Transubstantiation is completely unbiblical, being a doctrine that grew out of the Docetic controversies of the mid second century and gradually developing to full flower in the 4th century. Those who believed in Doceticism claimed that Jesus did not have literal flesh and blood, it only appeared that way. The early post-apostolic Christians countered that Jesus indeed had ordinary human flesh and blood and they began to emphasize this in the Lord's Supper.
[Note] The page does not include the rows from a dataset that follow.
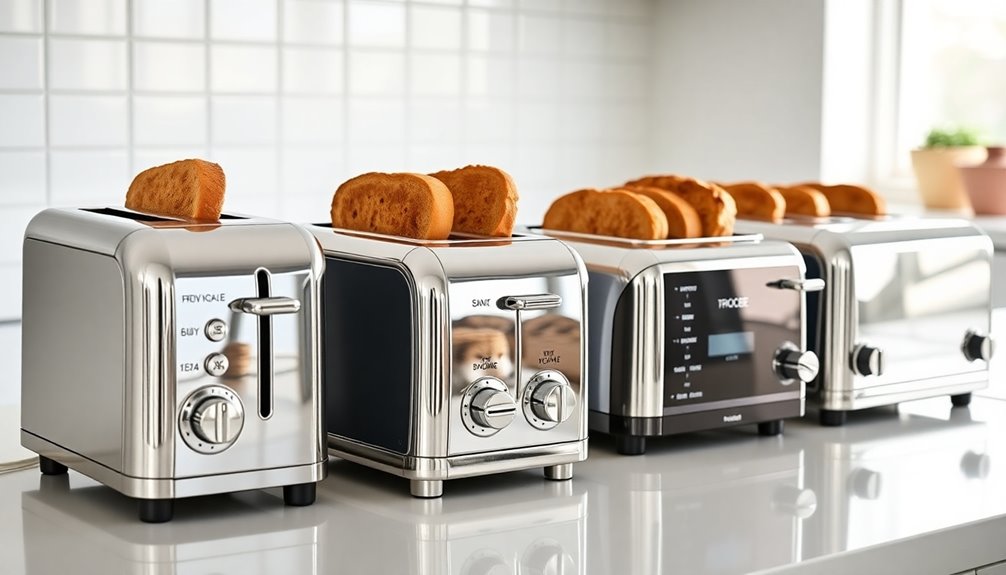toaster selection decision factors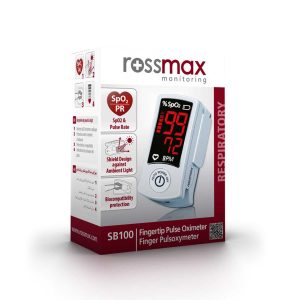 Rossmax Fingertip Pulse Oximeter - Medical Grade Professional (Healthcare)
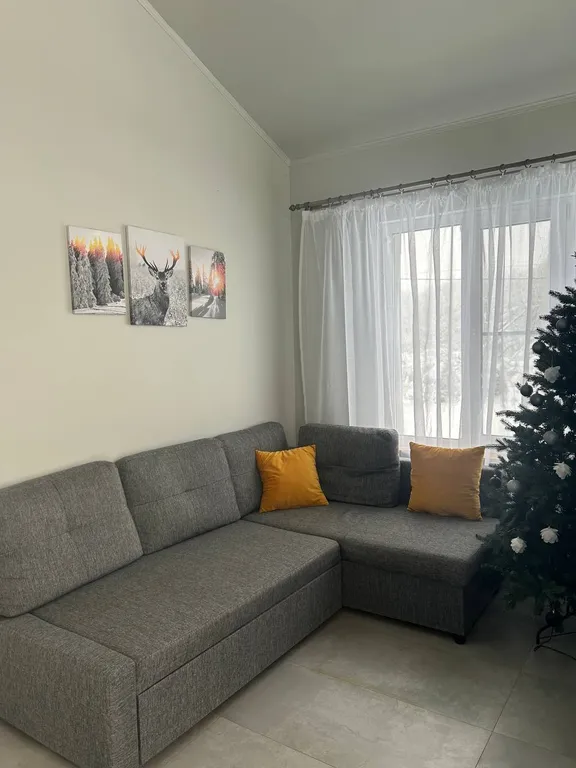 Уютный дом с баней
Note not all Gnostics believed in Doceticism see the post Non-Docetic Teachings in the Nag Hammadi Library
Some Gnostics sects refused to break bread altogether:
Ignatius of Antioch (d. c. 110): “Take note of those who hold heterodox opinions on the grace of Jesus Christ which has come to us, and see how contrary their opinions are to the mind of God. . . . They abstain from the Eucharist and from prayer because they do not confess that the Eucharist is the flesh of our Savior Jesus Christ, flesh which suffered for our sins and which that Father, in his goodness, raised up again. They who deny the gift of God are perishing in their disputes” (Letter to the Smyrnaeans 6:2–7:1).
Irenaeus refutes the Gnostics on the basis that the Lord would not use "evil material things" like bread and juice in the Lord's Supper. Had Irenaeus argued that the bread and juice Transubstantiated (changed) into something different from what they appear, the Gnostics would have agreed, saying this change was essential because Jesus did not have physical flesh either!
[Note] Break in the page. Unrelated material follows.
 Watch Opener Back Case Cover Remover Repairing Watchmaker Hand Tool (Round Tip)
"Irenaeus has the realist terminology but not the realist thought. There is no conversion of the elements. Indeed, if there were any change in the substance of the elements, his argument that our bodies-in reality, not in appearance-are raised would be subverted." (Early Christians Speak, Everett Ferguson, 1981, p 114)
A generation after Irenaeus, Tertullian (160–225) used the same arguments against the Gnostic heretic Marcion. However, Tertullian provided more information into how the eucharistic elements ought to be understood. Tertullian wrote:
“Having taken the bread and given it to His disciples, Jesus made it His own body, by saying, ‘This is My body,’ that is, the symbol of My body. There could not have been a symbol, however, unless there was first a true body. An empty thing or phantom is incapable of a symbol. He likewise, when mentioning the cup and making the new covenant to be sealed ‘in His blood,’ affirms the reality of His body. For no blood can belong to a body that is not a body of flesh” (Against Marcion, 4.40).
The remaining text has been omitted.